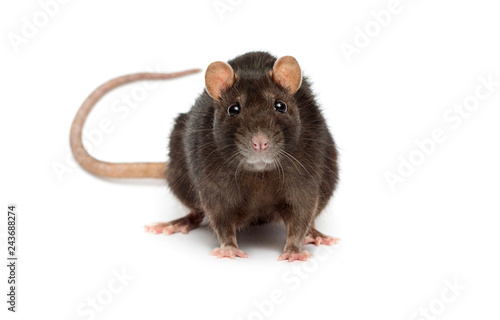 rat on a white background © Happy monkey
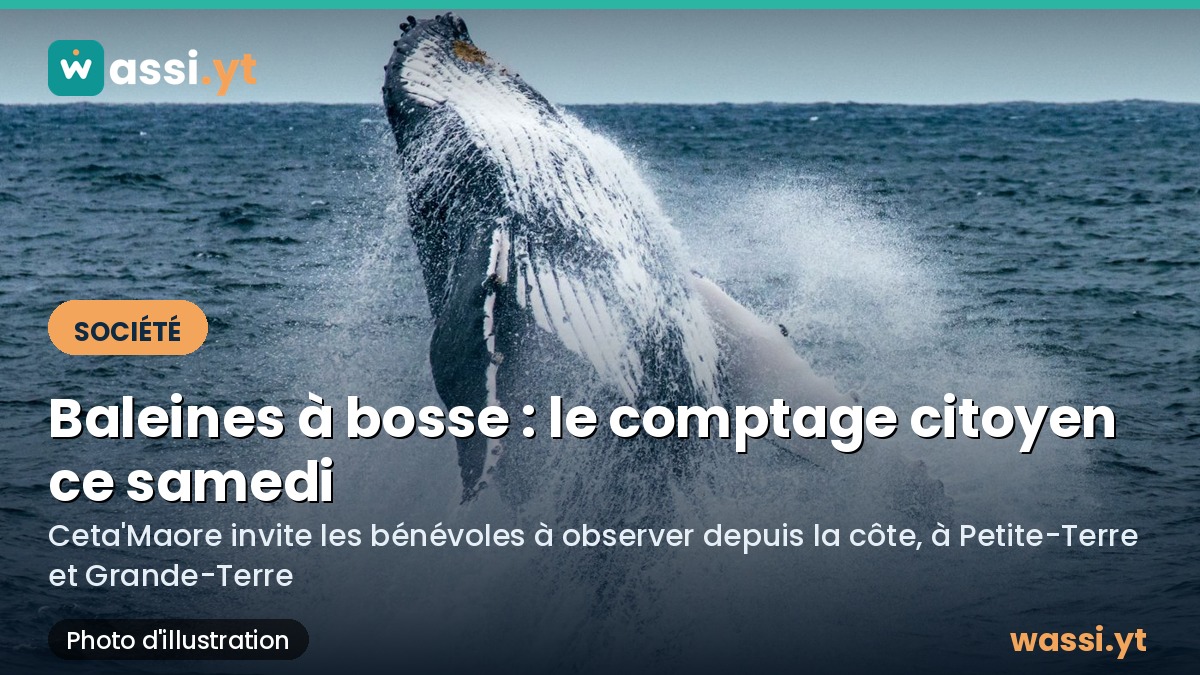 Baleines à Mayotte : un grand comptage citoyen ce samedi depuis la côte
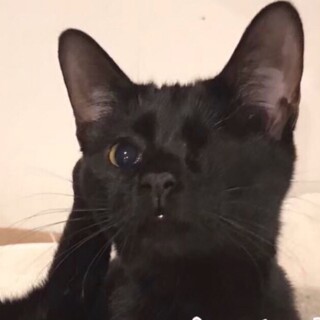 里親決定しました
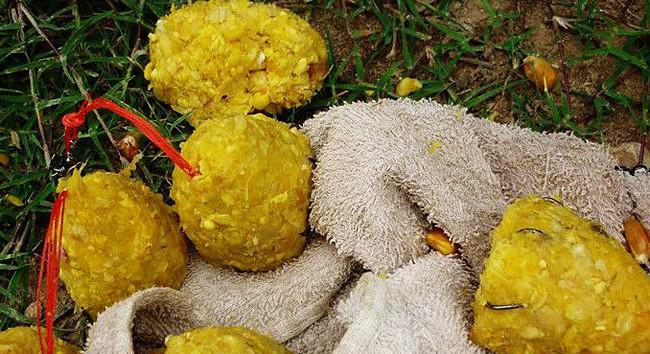 蜂蜜味玉米钓鱼技巧有哪些？如何提高钓鱼成功率？  第2张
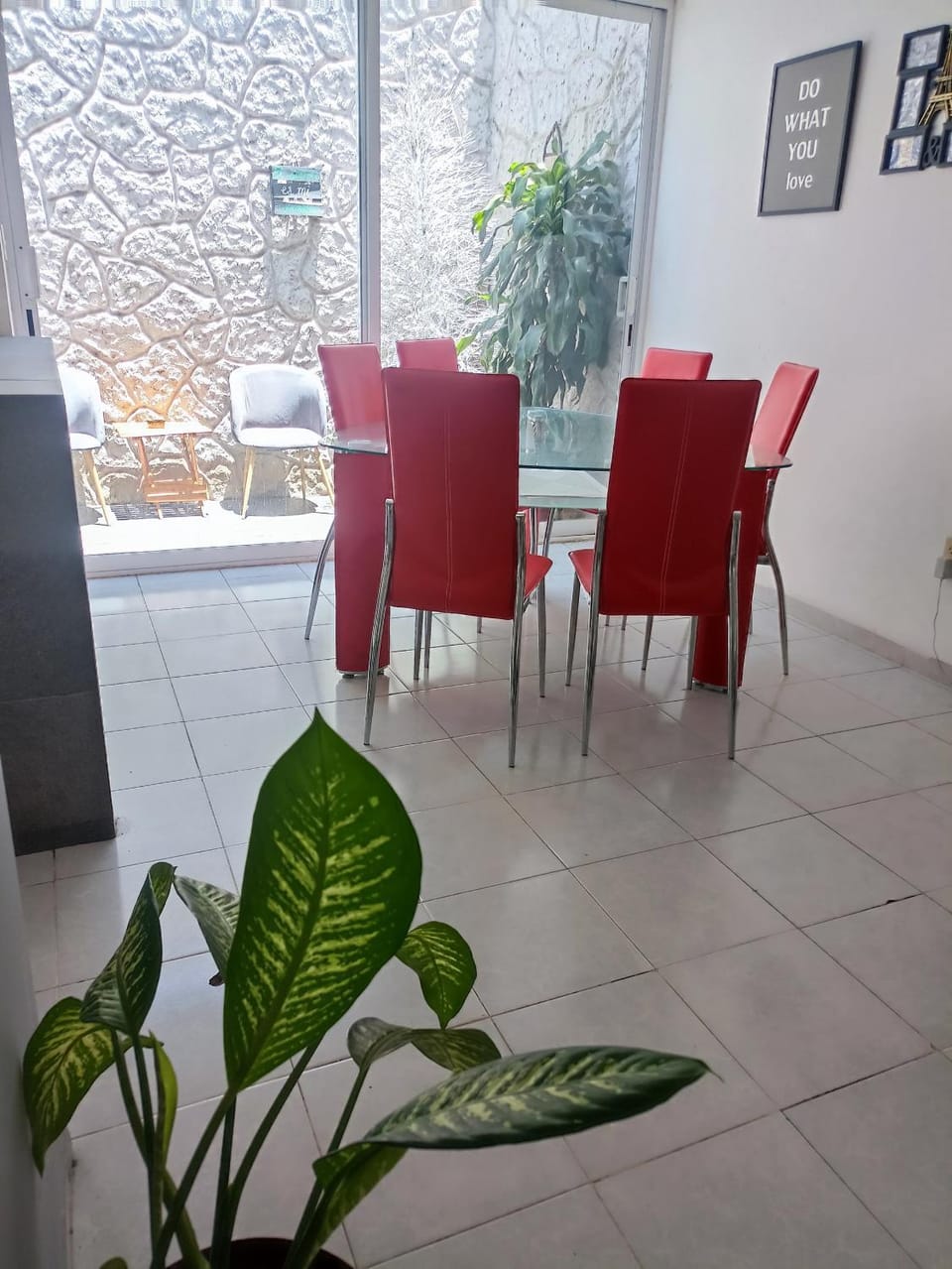Vertice House in San Luis Potosi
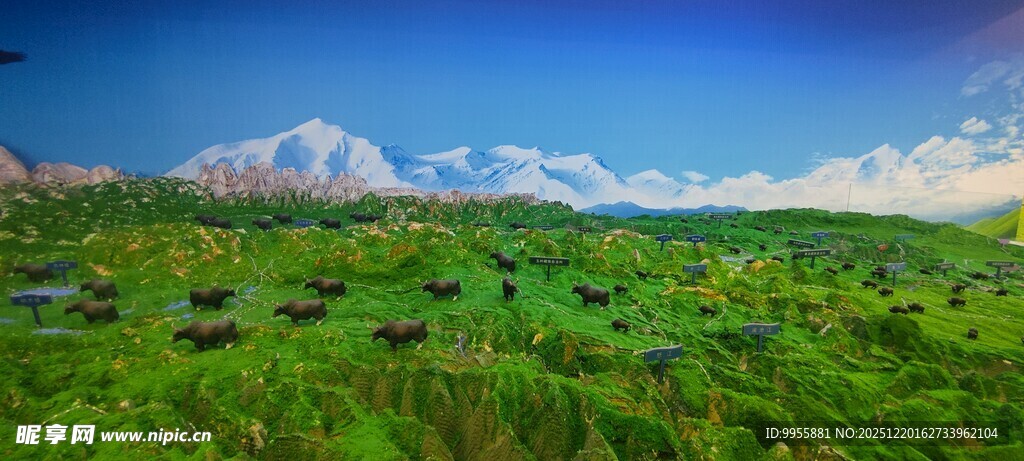 草原风光远处山峦壮丽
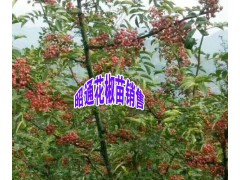 青花椒小苗%優(yōu)質(zhì)青花椒小苗出售信息圖2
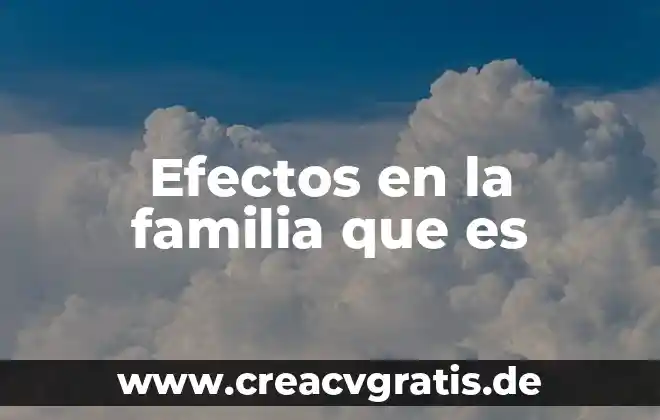 Qué es el régimen voluntario para efectos del IMSS 4 Efectos en la familia que es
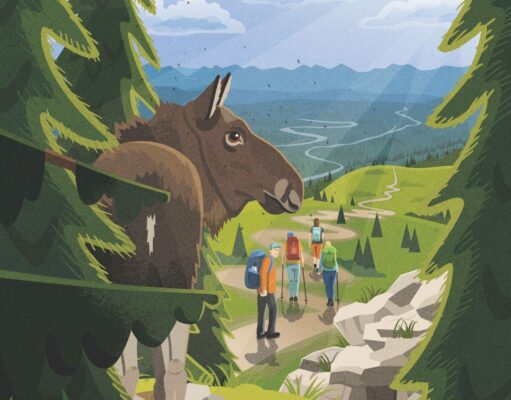 ¡Un alce en el camino! Alce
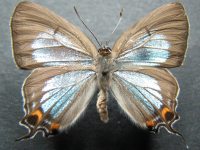 Adult, male, upperside: Macqueen's Hairstreak (Jalmenus pseudictinus)
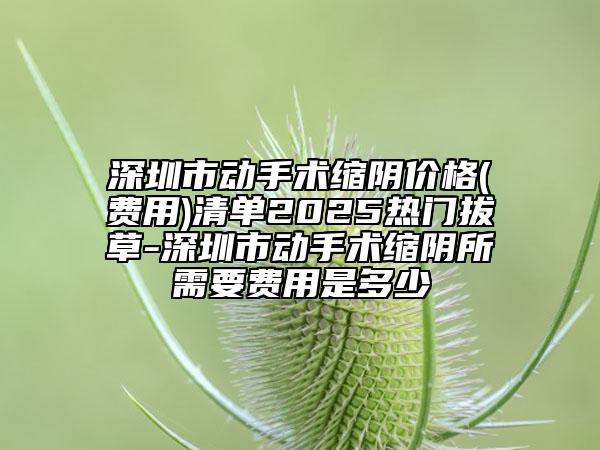 深圳市動手術(shù)縮陰價格(費用)清單2025熱門拔草-深圳市動手術(shù)縮陰所需要費用是多少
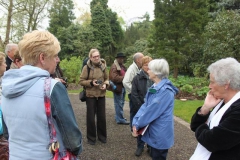 06-interessante-verhalen-door-de-gids-in-arboretum-kalmthout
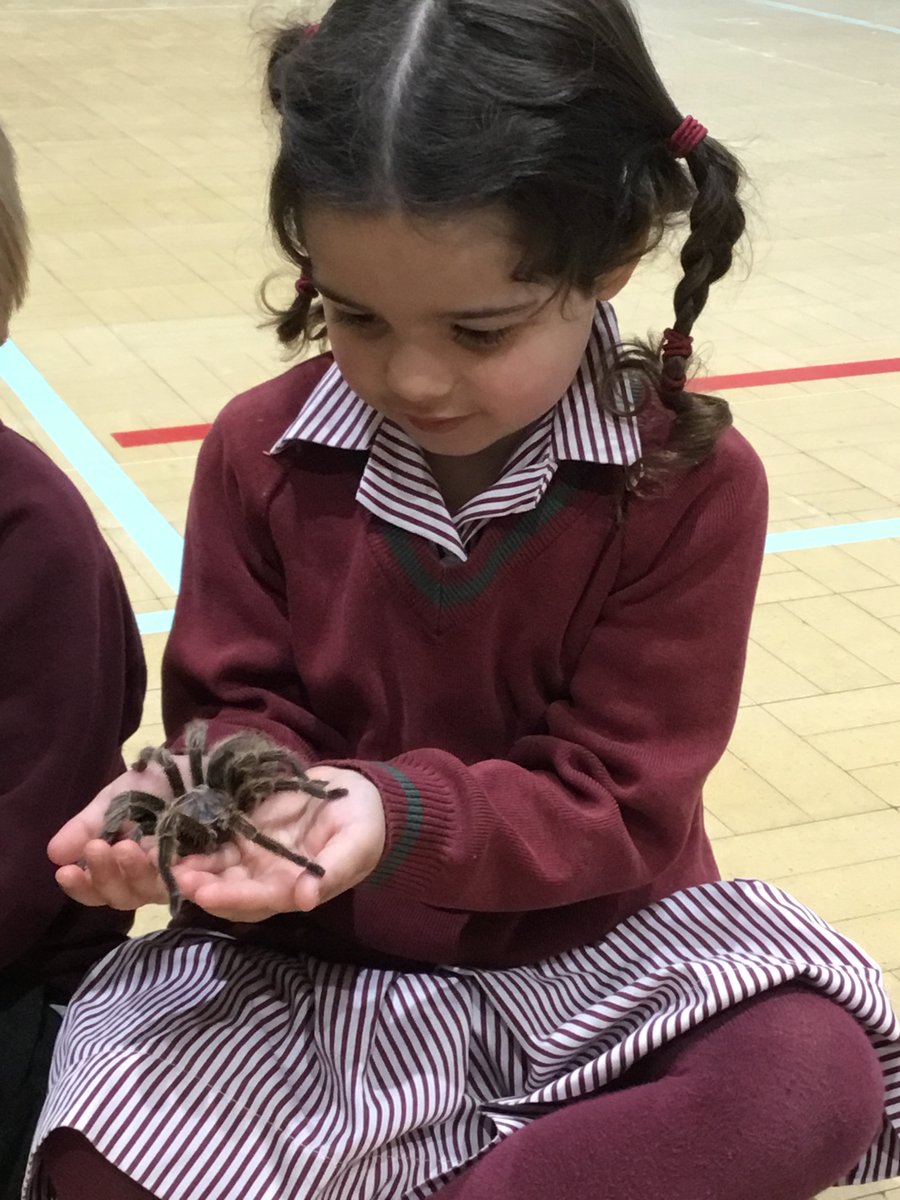 PP1 and PP2 loved their exciting #AnimalEncounters Workshop with Primary Education. They learnt about habitats, food chains and key body features, all while getting hands-on with an anaconda, tarantula, skunk, hedgehog and little owl. 
#WeAreAshfold #PrimaryEducationFun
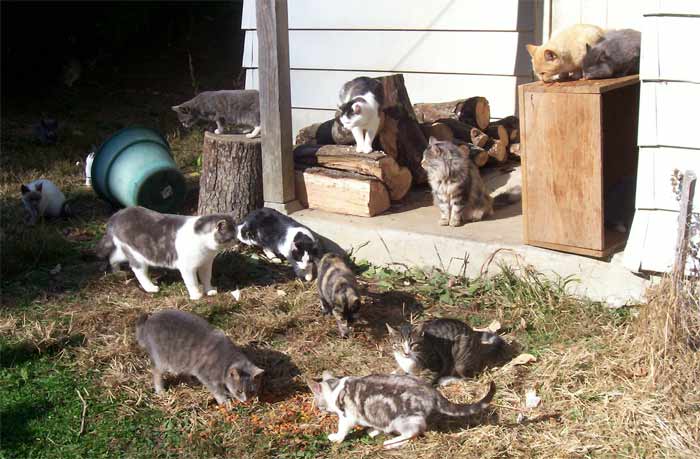 12 feral cats eating catfood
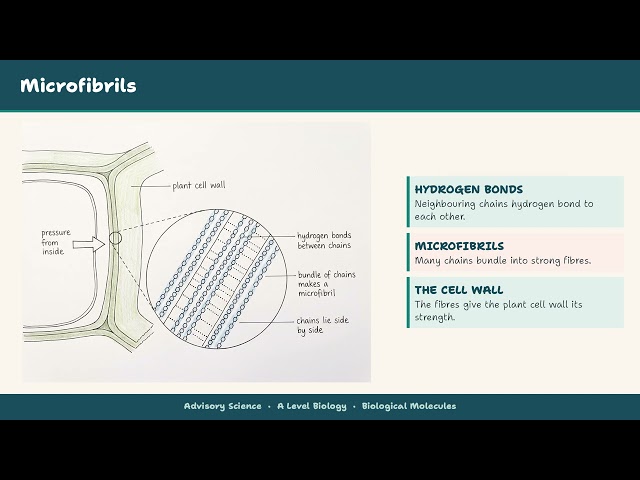 Biological Molecules FULL Topic | A Level Biology AQA OCR Edexcel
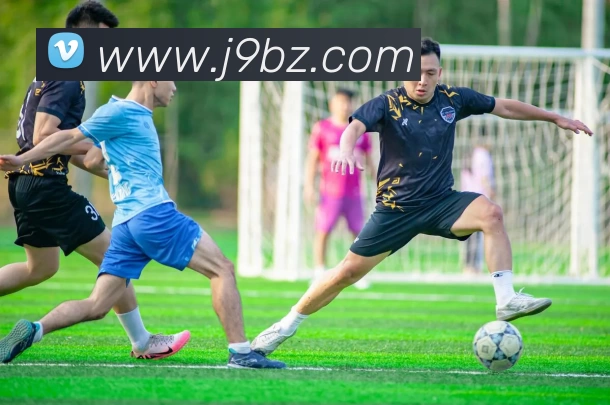 EMC易倍(官方网站)中国大陆 - 科技有限公司平台生态图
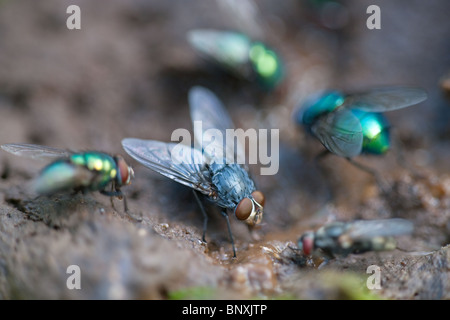 Fleisch-Fly Sarcophago Camaria & grüne Flasche Flys Dasyphora Cyanella Fütterung auf tierische droppi Stockfoto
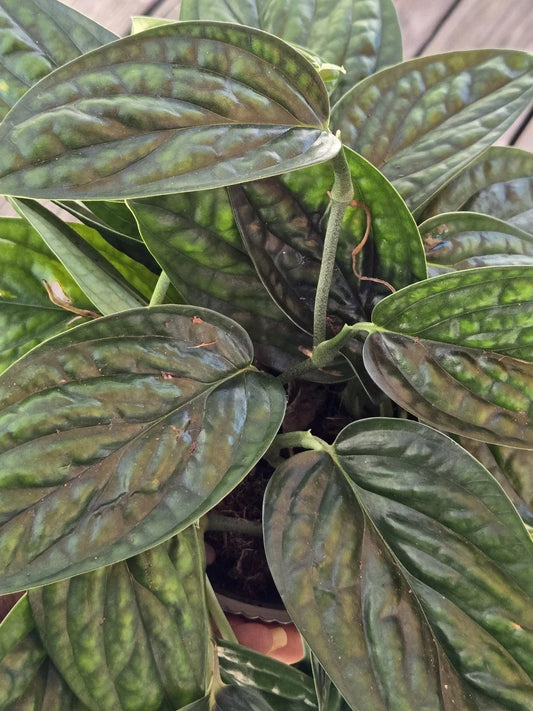 Monstera Peru Plant Cuttings - Tropical Houseplant Propagation - Monstera adansonii - Perforated Leaf Variegation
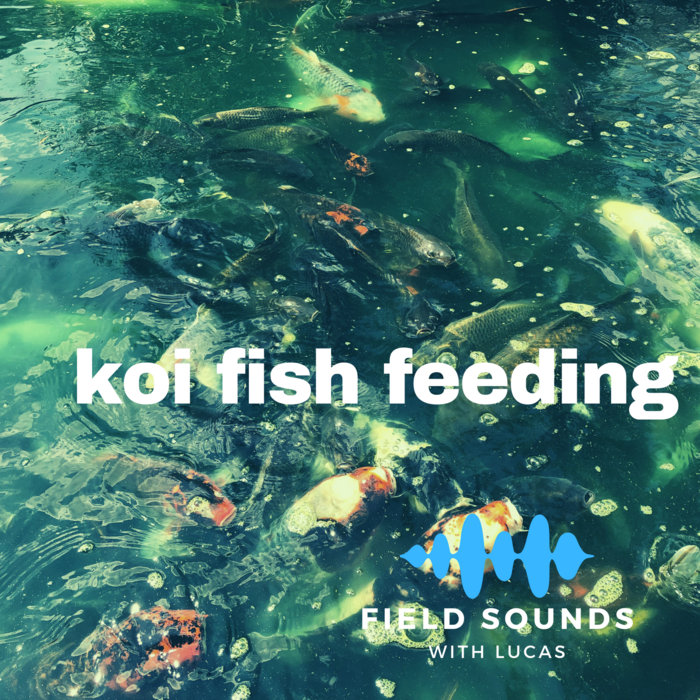Koi Fish Feeding Library | Field Sounds With Lucas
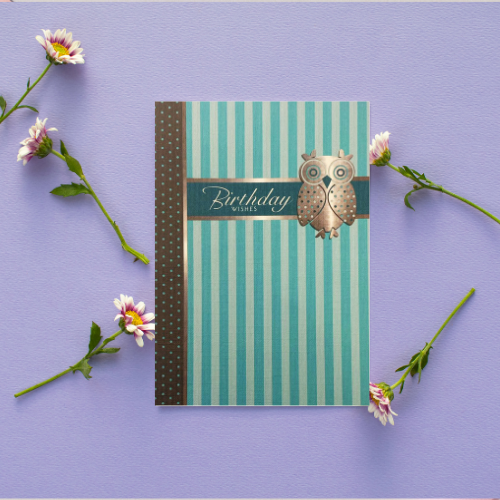 Teal Owl with stripes 'Birthday Wishes' Card (6x4")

* WHAT THIS TASK INVOLVES *
What the answer needs is every record above, exactly as written, and no pictures.

* EXPECTED OUTPUT *
 rat on a white background © Happy monkey
 Baleines à Mayotte : un grand comptage citoyen ce samedi depuis la côte
 里親決定しました
 蜂蜜味玉米钓鱼技巧有哪些？如何提高钓鱼成功率？  第2张
Vertice House in San Luis Potosi
 草原风光远处山峦壮丽
 青花椒小苗%優(yōu)質(zhì)青花椒小苗出售信息圖2
 Qué es el régimen voluntario para efectos del IMSS 4 Efectos en la familia que es
 ¡Un alce en el camino! Alce
 Adult, male, upperside: Macqueen's Hairstreak (Jalmenus pseudictinus)
 深圳市動手術(shù)縮陰價格(費用)清單2025熱門拔草-深圳市動手術(shù)縮陰所需要費用是多少
 06-interessante-verhalen-door-de-gids-in-arboretum-kalmthout
 PP1 and PP2 loved their exciting #AnimalEncounters Workshop with Primary Education. They learnt about habitats, food chains and key body features, all while getting hands-on with an anaconda, tarantula, skunk, hedgehog and little owl. 
#WeAreAshfold #PrimaryEducationFun
 12 feral cats eating catfood
 Biological Molecules FULL Topic | A Level Biology AQA OCR Edexcel
 EMC易倍(官方网站)中国大陆 - 科技有限公司平台生态图
 Fleisch-Fly Sarcophago Camaria & grüne Flasche Flys Dasyphora Cyanella Fütterung auf tierische droppi Stockfoto
 Monstera Peru Plant Cuttings - Tropical Houseplant Propagation - Monstera adansonii - Perforated Leaf Variegation
Koi Fish Feeding Library | Field Sounds With Lucas
 Teal Owl with stripes 'Birthday Wishes' Card (6x4")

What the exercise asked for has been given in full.